Three-year-old Moko Rangitoheriri was subjected to a prolonged and painful death by the very people who were meant to care for him.
A coroner has concluded that Oranga Tamariki's predecessor Child Youth and Family, a DHB and three community organisations were blind to the warning signs and failed to ask key questions in the weeks before.
Coroner Wallace Bain sighted an example - on 30 July, 2015 Oranga Tamariki filed a report of concern that had urgent status and that meant Moko and his sister should have been visited within the week.
That never happened and 10 days later Moko was dead.
Nicola Dally-Paki put her son Moko and his sister in the care of friend Tania Shailer in Taupō while she travelled up to Auckland to be with another of her children who was in Starship Hospital.
Over the next two months Moko was kicked, slapped, bitten, thrown and stomped on.
When he began soiling himself, he had faeces rubbed in his face as punishment and died of a ruptured bowel and a head injury.
Dr Bain, who also conducted the inquest into murdered Rotorua toddler Nia Glassie, said Shailer and her partner David Haerewa subjected Moko to a joint campaign of violence that defied belief.
But Dr Bain said a number of red flags were there.
That's backed up by lawyer, Arama Ngapo-Lipscombe, who represented Ms Dally-Paki at the inquest.
"There were policies in place that were ignored by the professionals working in the organisation."
Concerns from the local kindergarten weren't followed up on.
Shailer's depression and mental health was escalating and she cancelled an appointment with a psychiatrist - Dr Bain said that was another red flag.
Family Start social workers visited the home 10 days before Moko's death but didn't see the three year-old because they were told he was having time-out in the bedroom.
Māori Women's Refuge and Oranga Tamariki were also providing services but had no idea David Haerewa was living in the house. He had a history of family violence.
Moko's grandmother also raised concerns with Oranga Tamariki but she was ignored.
The Coroner found Moko could have been saved, had he been seen by medical staff hours before his death.
Children's Commissioner Andrew Becroft summed it up when he told the Coroner: "There were sufficient eyes and ears on Moko's circumstances and care at various stages, yet their eyes did not properly see and the ears did not clearly hear."
The various organisations, including Oranga Tamariki, failed to trigger any real or proper investigation into Moko's well-being.
Oranga Tamariki's deputy chief executive for services is Glynis Sandland.
"Oranga Tamariki has driven a number of changes since the tragic deaths of both Nia and Moko and ... we're sharing information and working alongside iwi and Māori in ways that haven't happened before and one of our key areas of focus is linking with with government and other community organisations to improve our services."

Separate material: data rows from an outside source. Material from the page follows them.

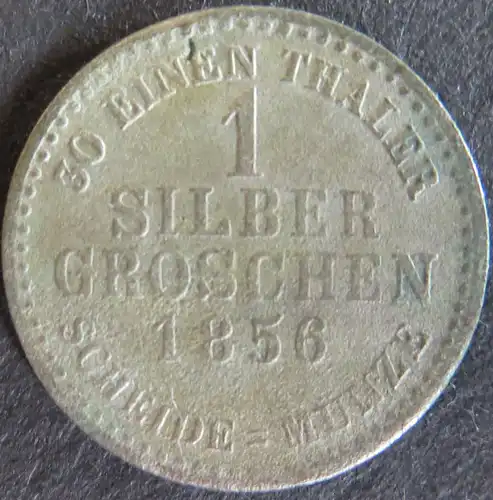 Münze Hessen 1856 - 1 Silbergroschen Gekröntes Löwenwappen s-ss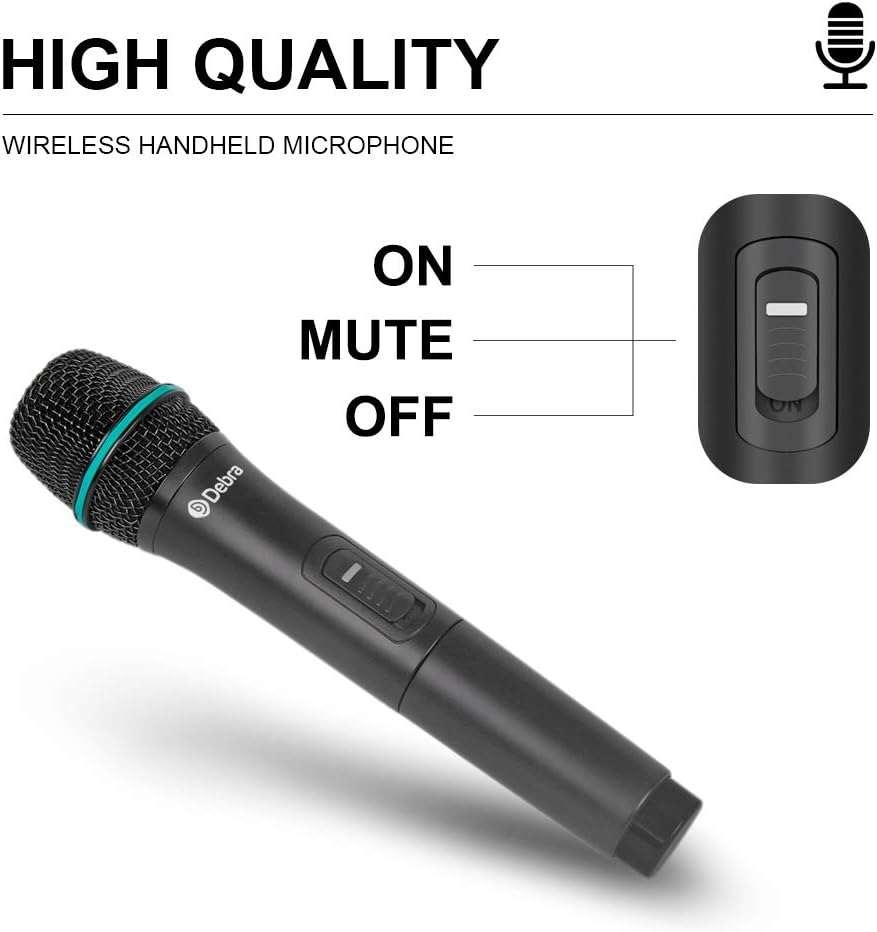 Debra Audio Pro UHF 4 Channel Wireless Microphone System with Cordless Handheld Lavalier Headset Mics, Metal Receiver, Ideal for Karaoke Church Party(with 4 Handheld (B))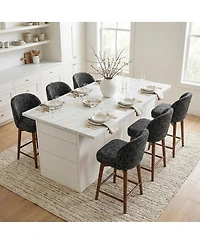 Maison Boucle Walnut Wood Swivel Counter Height Stools Set of 6, Chenille, Armless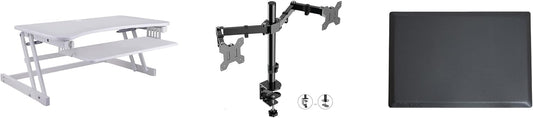 Rocelco 37.5" Height Adjustable Standing Desk Converter with Dual Monitor Mount and Anti-Fatigue Mat - Slide Out Retractable Keyboard Tray - Sit Stand Up Tabletop Riser - White (R DADRW-DM2-MAF)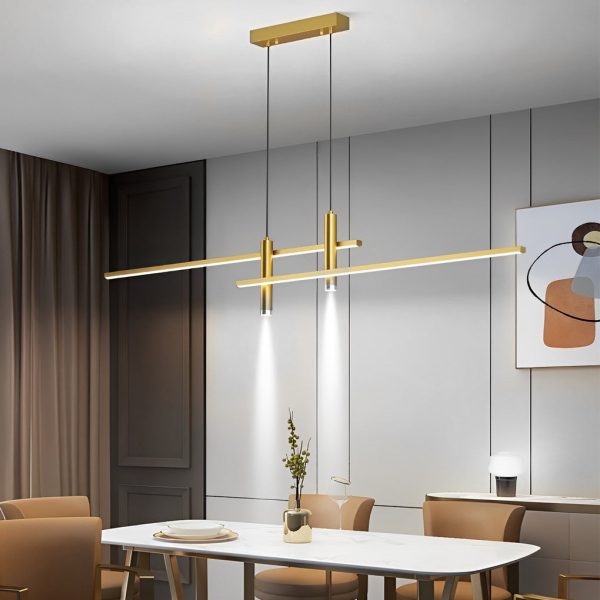 Minimalist Lines 3-Step Dimming Stepless Dimming LED Modern Chandelier - Image 2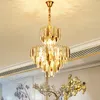 Altın Ayna Yüzey Kristal Avizeler Işıklar Fikstür Led Modern Kristal Chandelier Hotel Home İç Mekan Aydınlatma Dia50cm Parlak Parlatıcı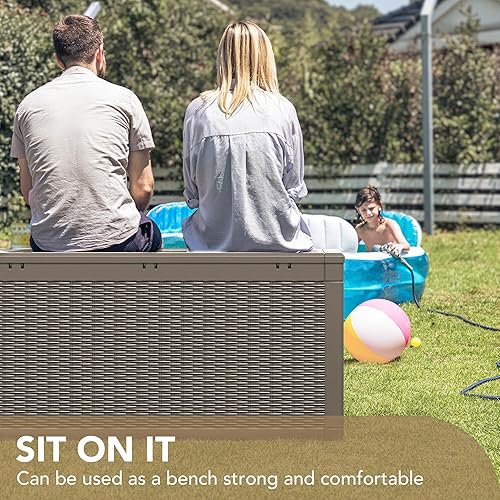 Miniatura 3 de Devoko Caja grande de resina impermeable de 100 galones para interiores y exteriores, contenedor de almacenamiento con cerradura para muebles de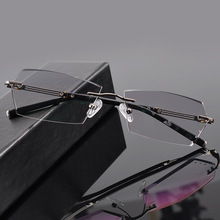 钻石切边眼镜近视男可配度数无框钻切工艺镜片商务镜架H6612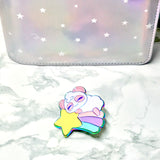 Rainbow Shooting Star Pandy Enamel Pins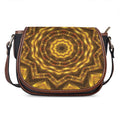 Golden Kaleidoscope Print Saddle Bag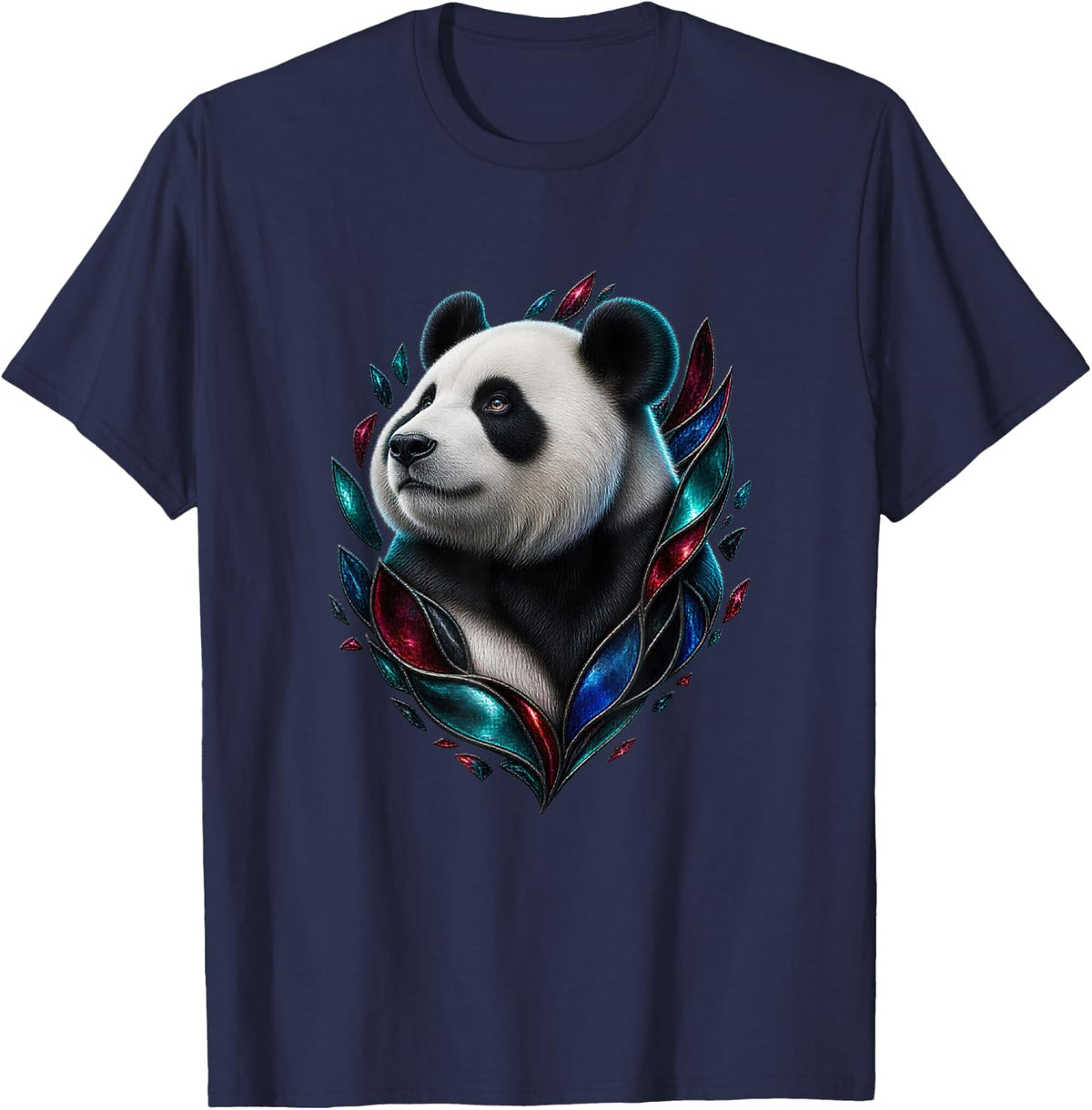 Giant Panda with Stained Glass Shards Animal Art T-Shirt - Navy Blue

Asked if the changes made would ensure a tragedy like Moko's death would not happen again, Ms Sandland did not respond directly to the question.
"We continue to look for ways that we can improve our practices ... and working with children and families. It's about the voices of the children and we need to have the voices of children heard very loudly amongst Oranga Tamariki and other agencies and communities that we work with."
Ms Ngapo-Lipscombe said Moko's mother deserved an apology.
"Yes I believe that Nicola is entitled to an apology from the ministry for their failure to act on their own policies."
RNZ asked Ms Sandland whether Oranga Tamariki should say sorry.
"The sympathy that we feel for Moko and the family is heartfelt and I don't ... his death has affected everyone and it must be a very difficult situation for the family and we have to be better, Oranga Tamariki has driven a number of changes and we have to get better everyday."
Recommendations from the Coroner include a compulsory register that would see all children monitored by a government agency.
He also called for basic minimum standards for social workers working for community organisations.
Judge Becroft reiterated that.
"It would be training in warning signs, what might be called red flags, and encouragement about how to and when to share information with other groups. So all those, I think, would be part of a core-competency framework. It's there, it's ready to go, it's got to be finalised, it's got to be rolled out and rolled out fast."
He said it would be wrong to lay the blame solely at the feet of Oranga Tamariki.
"Lurking behind it all is the fact that too many of our families are struggling in conditions of real material disadvantage and income related poverty.
"Now, I'm not saying that is causative because there are many, if not most families in that situation, who provide loving stable homes and work their way through those tough times but it is certainly and unarguably a risk factor."
Judge Becroft said changes at Oranga Tamariki would take between three to five years to bed-in but the organisation was now child-focused.
"We can't let the opportunity go, there's too much been invested in it and our 1.2 million children deserve the absolute best...This is not an optional exercise, It's non-negotiable that we succeed."
Dr Bain concluded his findings with New Zealand's shocking statistics.
On average a child is killed every five weeks and most are under five - 90 percent of them are killed by someone they know.
The coroner said child abuse has to stop - whatever the cost, whatever it takes.